Data Federation Overview¶
The OSG operates the StashCache data federation, which provides organizations with a method to distribute their data in a scalable manner to thousands of jobs without needing to pre-stage data at each site. The StashCache data federation is best suited for per-job data set sizes between 1 and 50 GB, with no more than 1 TB for a complete workflow.
Organizations export their data from an origin server, and the data is streamed to jobs from a set of cache servers distributed throughout the OSG and Internet2. Jobs can achieve lower latency and higher throughput for data transfer by using a nearby cache instead of accessing the origin directly.
The map below shows the location of the current caches in the StashCache federation:
The StashCache federation consists of three service types:
- Origin: Keeps the authoritative copy of an organization's data. Each origin is operated by the organization that wants to distribute its data within the StashCache federation.

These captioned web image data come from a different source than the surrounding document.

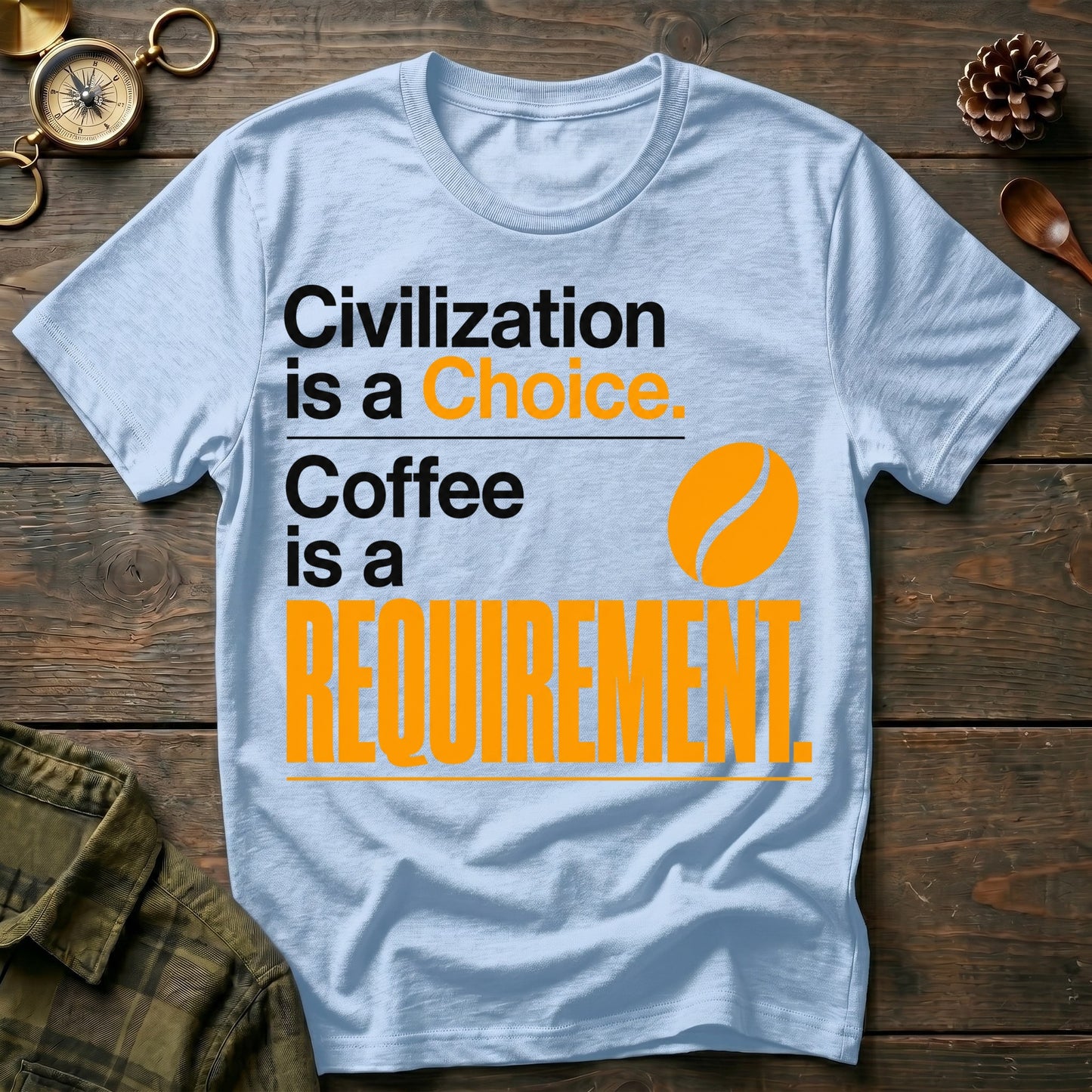 Coffee Requirement T-Shirt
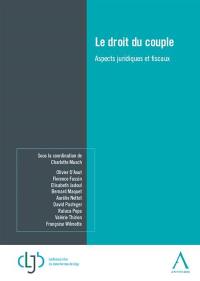 Le droit du couple : aspects juridiques et fiscaux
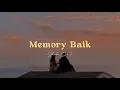Download Lagu Sheila On 7 - Memori Baik (Lirik Video)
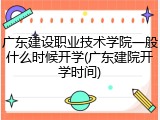 广东建设职业技术学院一般什么时候开学(广东建院开学时间)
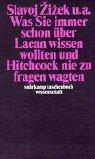 Cover for Was Sie immer schon über Lacan wissen wollten und Hitchcock nie zu fragen wagten.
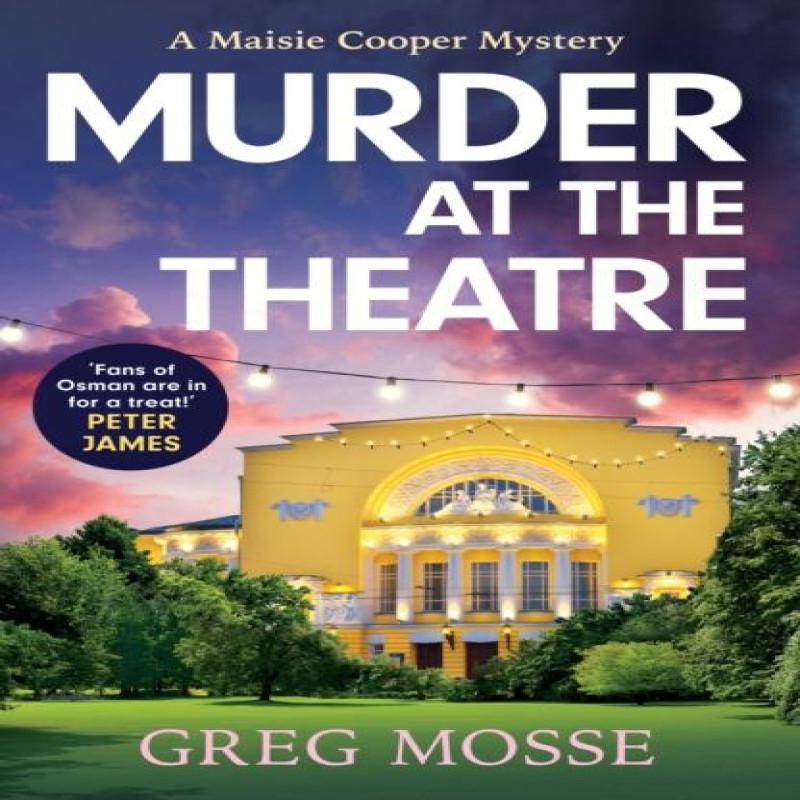 Murder At the Theatre by Greg Mosse Paperback Book 9781399715195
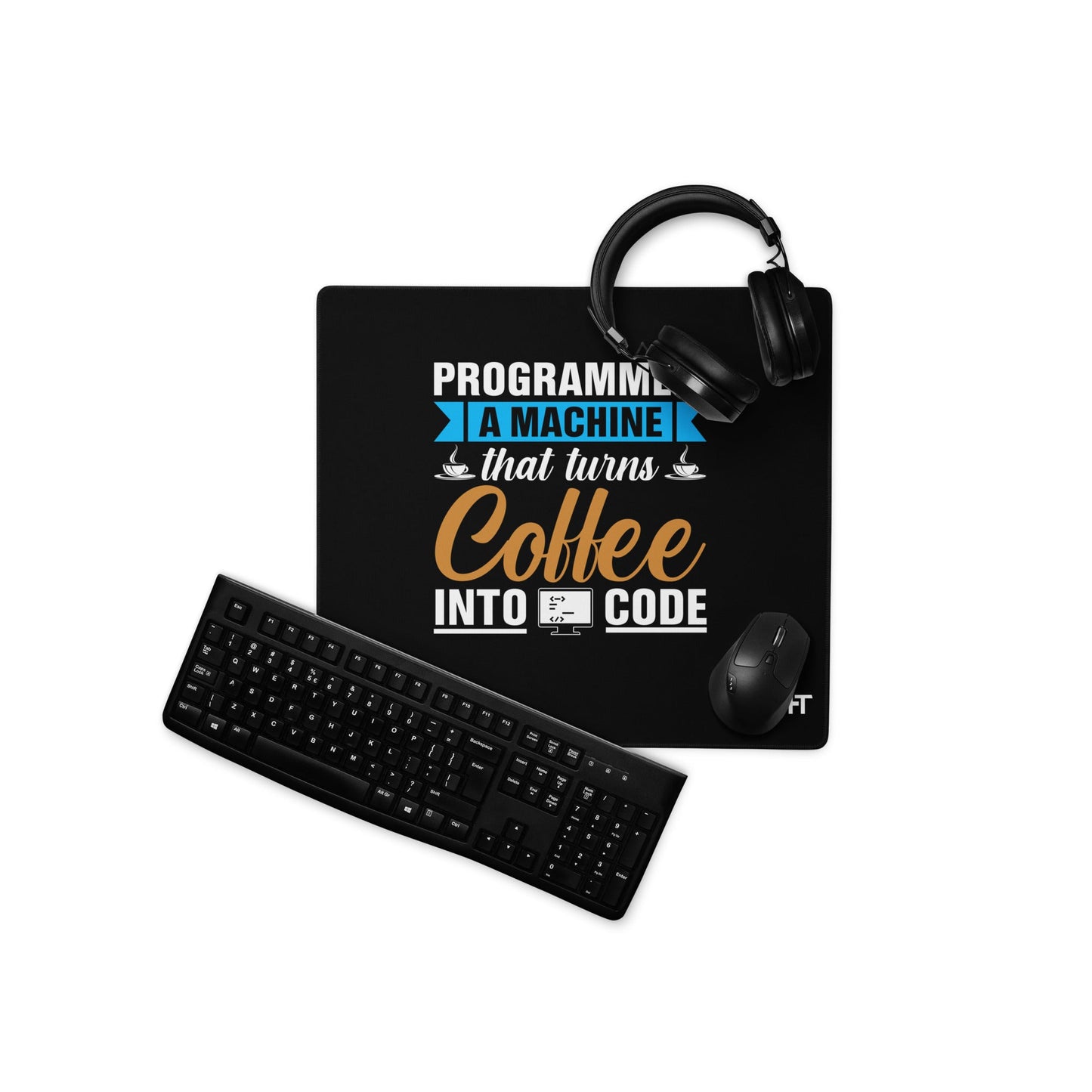 Programmer: A machine that turns coffee into code Desk mat by DarkByteGear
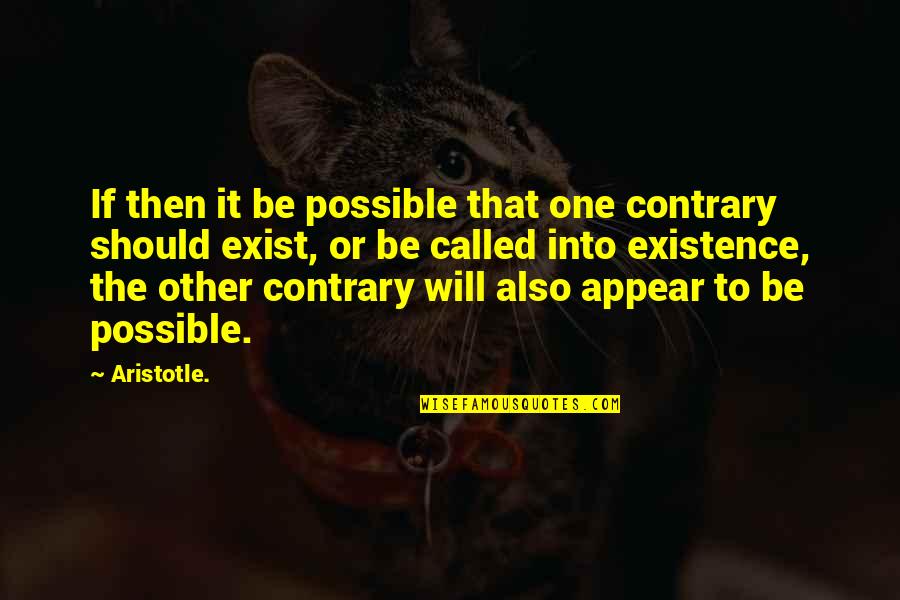 Jesse Wente Quotes By Aristotle.: If then it be possible that one contrary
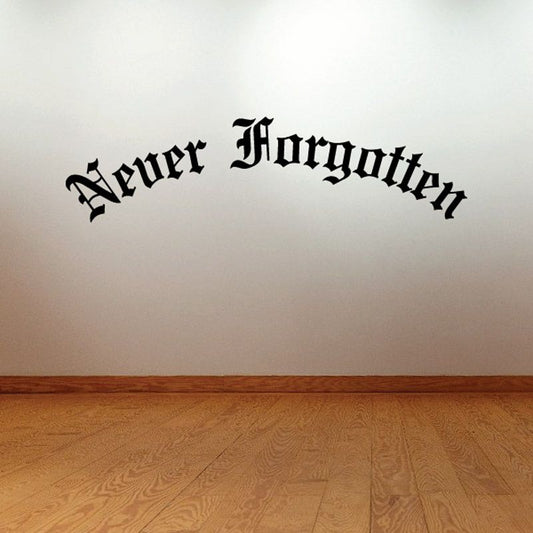 Wall decal with 'Never Forgotten' gothic lettering in dark color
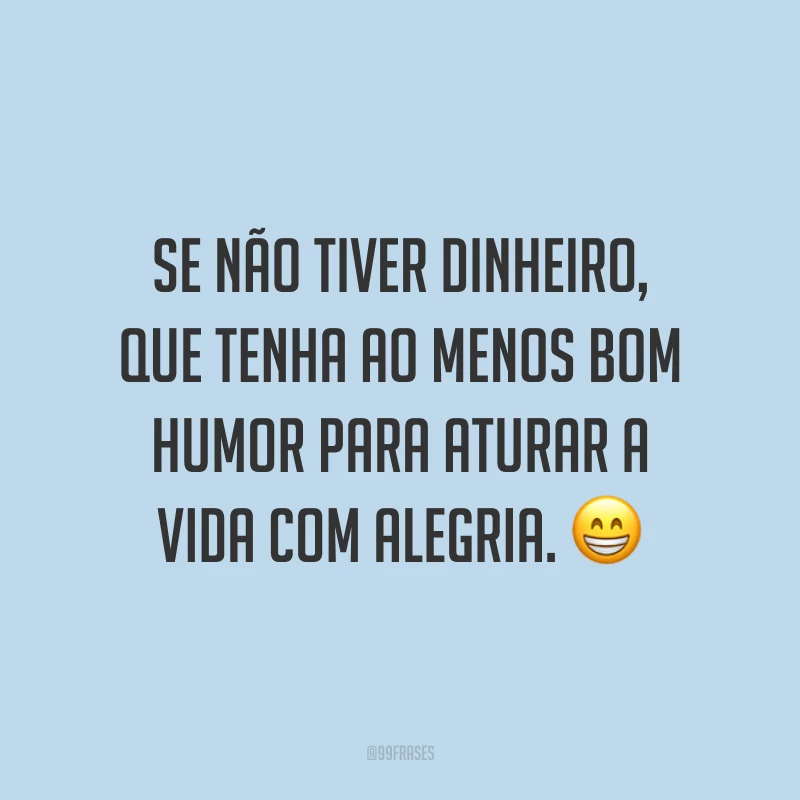 Se não tiver dinheiro, que tenha ao menos bom humor para aturar a vida com alegria. 😁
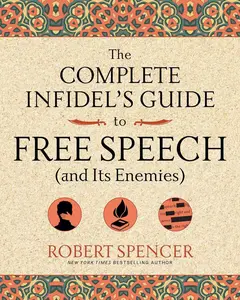 USED-The Complete Infidel's Guide to Free Speech (and Its Enemies) by Spencer, Robert (Paperback)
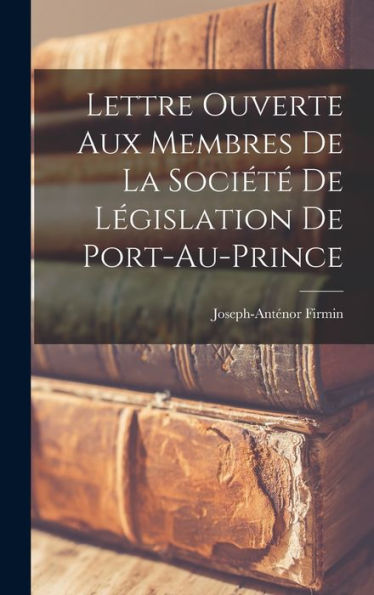 Lettre Ouverte Aux Membres De La Société De Législation De Port-Au-Prince (French Edition)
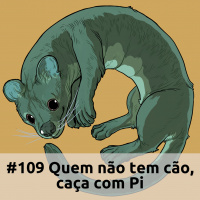 E109 Quem Não Tem Cão, Caça Com Pi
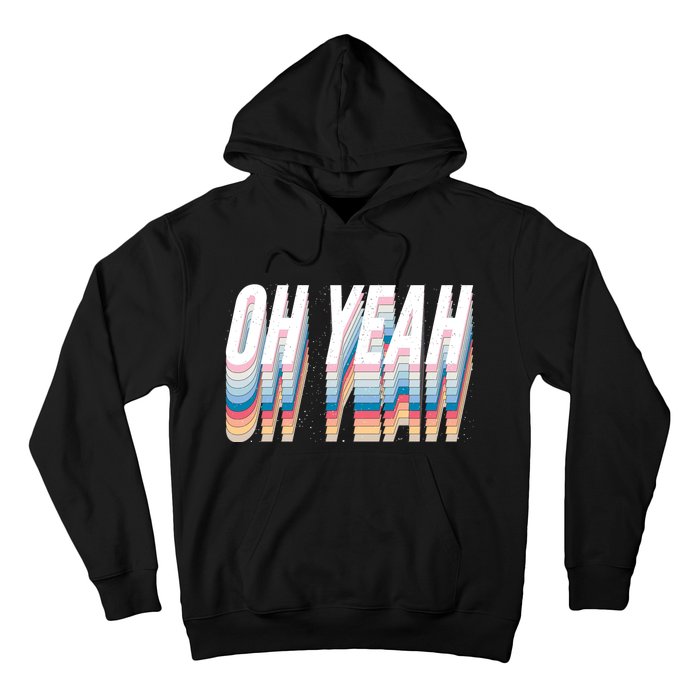 Oh Yeah! Funny Retro Hoodie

- Cache: Transfers data to clients such as jobs or users. A set of caches are operated across the OSG for the benefit of nearby sites; in addition, each site may run its own cache in order to reduce the amount of data transferred over the WAN.
- Redirector: Tells a cache service which origin to download data from. The redirectors are run centrally by OSG Operations.
The structure of the federation is illustrated below:
A job will request data from a cache. The cache will serve the requested data from local disk if possible. Otherwise, it will query a redirector for the origin server that provides the data, download the data from that origin server, and then serve the data to the job. A copy of the data will be kept on the cache for use by future jobs.